As we drove, I pointed out that we were driving beside the Rideau Canal and that the same place where we skated in February was now home to boats. Reid smiled and commented, “It’s named like me!” We talked about the similar sound, how she likes to be called “Reidie” but we could call her “Reid-o” and what letters were the same and which were different. Reid focussed on the Rs being in the same place and was less interested in the reverse of the “eid” and “ide”. Reid sees a lot of signs in this part of the province for companies with “Reid” in their name and is getting used to the reflected glory. Now, she has a canal, too.

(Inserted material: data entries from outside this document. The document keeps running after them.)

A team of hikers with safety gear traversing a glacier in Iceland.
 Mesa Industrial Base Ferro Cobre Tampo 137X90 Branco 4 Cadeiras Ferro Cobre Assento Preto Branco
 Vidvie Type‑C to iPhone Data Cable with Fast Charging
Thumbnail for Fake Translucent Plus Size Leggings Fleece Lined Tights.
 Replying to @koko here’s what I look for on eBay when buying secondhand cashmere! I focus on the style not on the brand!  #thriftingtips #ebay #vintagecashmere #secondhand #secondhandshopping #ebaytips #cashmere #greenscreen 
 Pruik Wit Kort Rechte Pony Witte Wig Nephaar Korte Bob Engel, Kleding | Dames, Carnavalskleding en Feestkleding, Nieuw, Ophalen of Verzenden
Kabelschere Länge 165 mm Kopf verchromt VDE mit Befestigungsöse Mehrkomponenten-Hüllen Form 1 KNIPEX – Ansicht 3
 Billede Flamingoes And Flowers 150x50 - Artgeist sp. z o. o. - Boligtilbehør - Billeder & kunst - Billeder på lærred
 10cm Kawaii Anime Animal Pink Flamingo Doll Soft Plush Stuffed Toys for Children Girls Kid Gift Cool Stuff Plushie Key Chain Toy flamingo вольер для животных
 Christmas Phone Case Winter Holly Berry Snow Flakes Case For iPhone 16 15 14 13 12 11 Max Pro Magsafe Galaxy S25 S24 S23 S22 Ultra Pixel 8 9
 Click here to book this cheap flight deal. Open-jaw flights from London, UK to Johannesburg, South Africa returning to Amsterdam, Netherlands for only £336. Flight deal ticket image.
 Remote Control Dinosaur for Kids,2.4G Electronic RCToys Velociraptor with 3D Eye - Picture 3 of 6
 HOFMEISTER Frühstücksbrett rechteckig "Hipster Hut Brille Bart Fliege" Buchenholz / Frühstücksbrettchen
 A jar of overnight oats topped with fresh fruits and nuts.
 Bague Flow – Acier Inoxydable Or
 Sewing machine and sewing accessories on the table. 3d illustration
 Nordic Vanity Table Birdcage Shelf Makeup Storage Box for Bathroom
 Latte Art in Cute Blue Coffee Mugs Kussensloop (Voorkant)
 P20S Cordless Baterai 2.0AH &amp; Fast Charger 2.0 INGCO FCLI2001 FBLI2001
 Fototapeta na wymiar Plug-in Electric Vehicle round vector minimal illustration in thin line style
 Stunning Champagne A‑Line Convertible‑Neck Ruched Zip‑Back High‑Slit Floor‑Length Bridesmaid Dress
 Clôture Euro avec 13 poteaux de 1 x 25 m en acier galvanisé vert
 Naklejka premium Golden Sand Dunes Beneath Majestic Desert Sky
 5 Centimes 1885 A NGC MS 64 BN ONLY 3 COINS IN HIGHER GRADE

We parked under the National Arts Centre since the route to the Byward Market was blocked by the Battle of the Atlantic Sunday ceremony at the National War Memorial. I think I managed to find the parking spot located at the greatest possible distance. Next time I’ll know that parking in section “A” is far better than section “S”. (Obvious when you think of it ;+) Reid opted to ride in the umbrella-type stroller that I’d brought to help us tote our snacks, coats, camera, etc. I hope that I’m not dooming Reid to sedentary life but I have to confess that I still find the stroller to be useful for hurrying her along and for carrying supplies.

There are no admission fees for the Tulip Festival this year; it’s a “festival without fences” in this way. I don’t actually know who coined the term, I think it’s linked to the Célébridée event that is also happening and it’s a cool expression. In any case, the volunteers at the gate gave us a brochure and didn’t ask me for cash. The International Pavillion has areas of handicrafts, foods and other information from a range of countries, 24 in all. It was a sort of a bazaar more than exhibition booths, of the sort one sees at the Canadian National or Pacific National Exhibition. Reid seemed to find it a bit overwhelming, between the colours, noise level and crowds and the fact that she had only recently woken from her nap. Had she been up and active, though, I think I’d have been grumpy that almost everything came at a price. We paid $10 for a decorative representation of Reid’s name from the Chinese area – once we went to a bank machine off of the festival grounds since I’d grabbed my wallet which had lots of plastic but no cash – and took pictures with larger-than-Reid mascots for the Beijing Olympics. I didn’t spend much time looking at crafts since I wasn’t planning to purchase anything.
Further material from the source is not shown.